In a recent unpublished decision, DYFS v. J.C.G., the Appellate Division reversed the termination of parental rights, highlighting several key principles that govern this area of law:
1. DYFS cannot deny a parent all access to child over years of litigation, then rely upon the absence of a parent-child bond to terminate parental rights (TPR).
2. DYFS has a huge advantage in TPR cases, because the agency has control of the child. Parents are at a distinct disadvantage when defending in these actions.
3. Bare conclusory claims that a child may suffer harm from a bonding evaluation does not justify quashing a parent’s constitutional right to present evidence and conduct their own independent evaluation.
4. Law guardians are REQUIRED to advocate a safe means of accomplishing the child’s wishes in DYFS cases. The Law Guardian cannot supplant what she feels is best for what the child truly desires.
In this case, the Appellate Division also made a point to include reference to the parent’s repeated requests for visitation, which requests were not ruled upon.
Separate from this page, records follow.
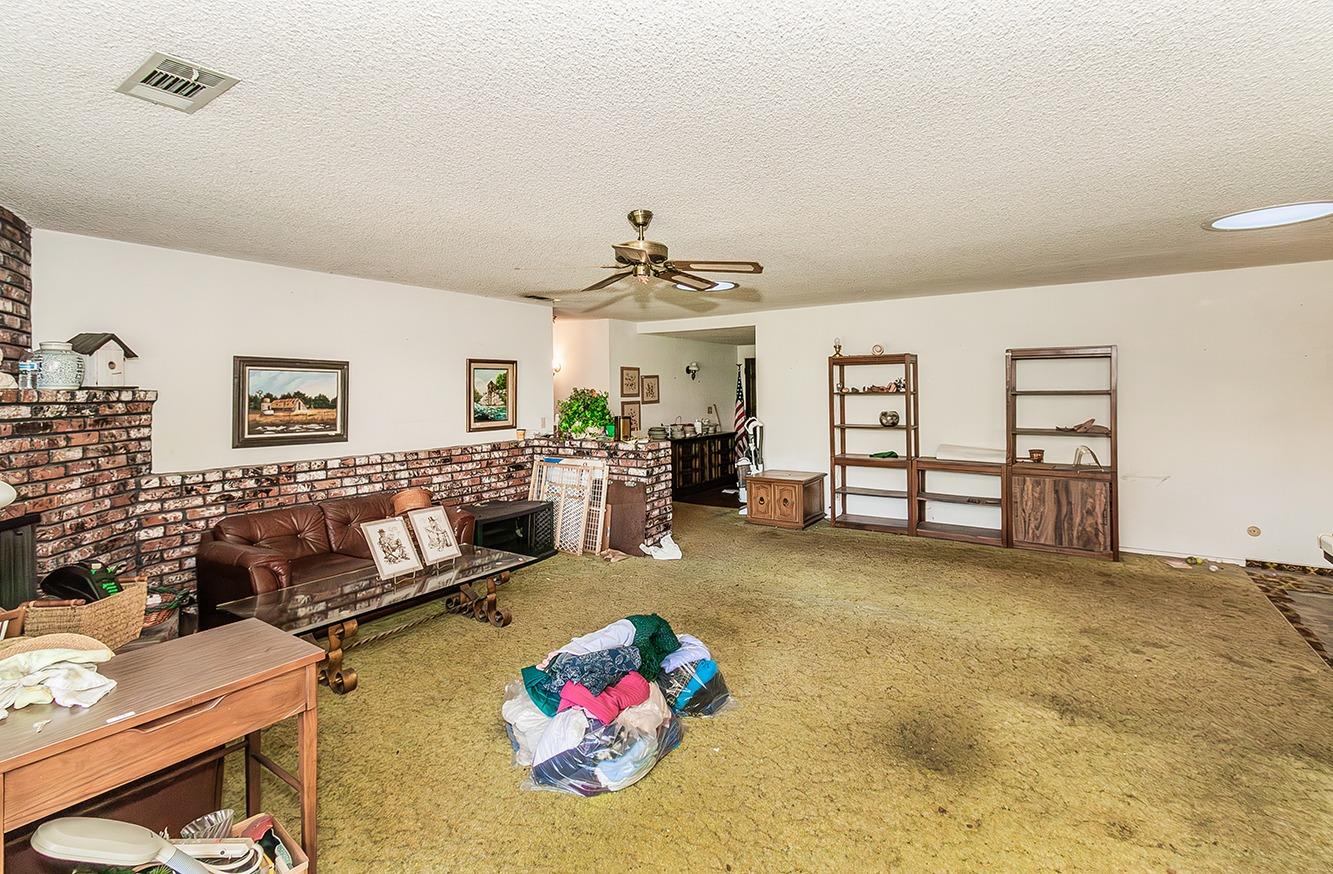 2501 Ashcroft Avenue Clovis, CA 93611 - Photo 7 of 24 a living room with furniture and a chandelier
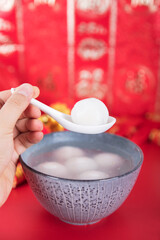 A bowl of dumplings or Yuanxiao on a festive red background with a spoon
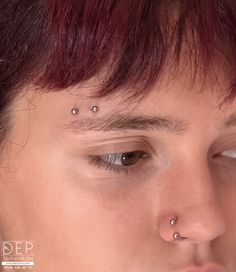 a close up of a person with piercings on their nose and forehead, looking at the camera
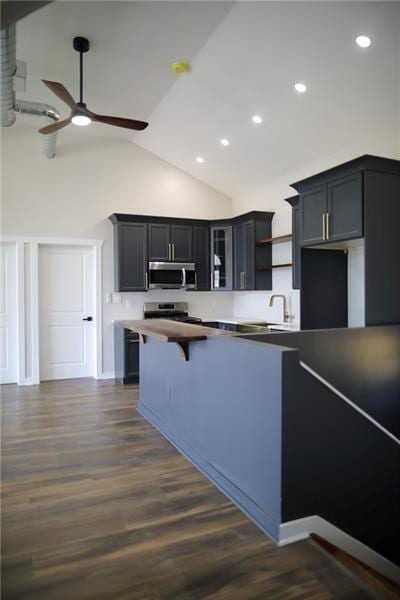 2040 Constitution Blvd, Elizabeth Twp/Boro, PA 15135 - kitchen featuring appliances with stainless steel finishes, ceiling fan, recessed lighting, dark wood-style flooring, and glass insert cabinets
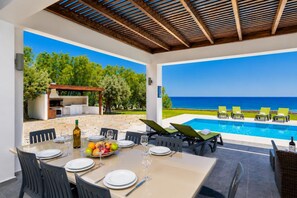 Un espace extérieur aménagé pour les repas, avec une piscine et des chaises longues, un barbecue et une vue sur la mer.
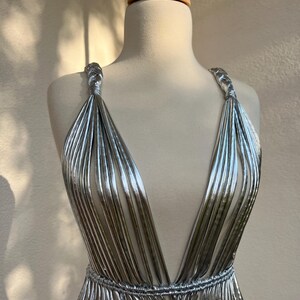 May include: A silver, pleated dress with a plunging neckline and braided straps. The dress is displayed on a mannequin, showcasing its flowing, metallic design. The waist is cinched with a matching pleated band.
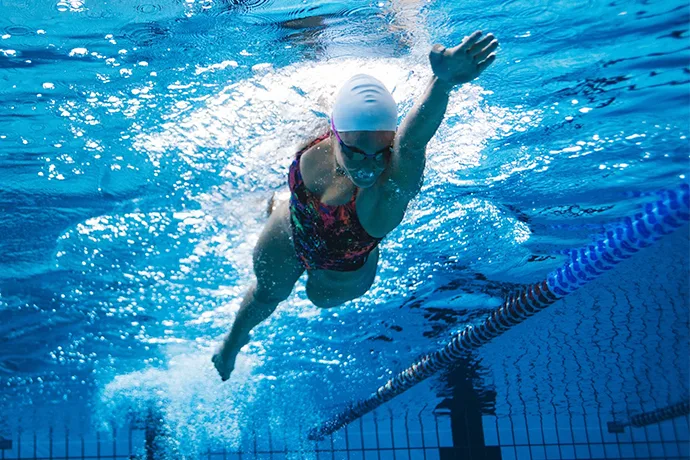 Underwater view of a female freestyle swimmer gliding nicely on her side.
The trial record clearly reflects a manifest injustice toward the mother – particularly given that DYFS filed its first TPR Complaint a mere ONE YEAR after the litigation began.
The JCG decision serves as an eloquent explication of the state’s duty to seek justice for children – starting with the reunification of families and, thereafter, establishing permanent arrangements for children with foster families only when absolutely necessary to achieve child safety.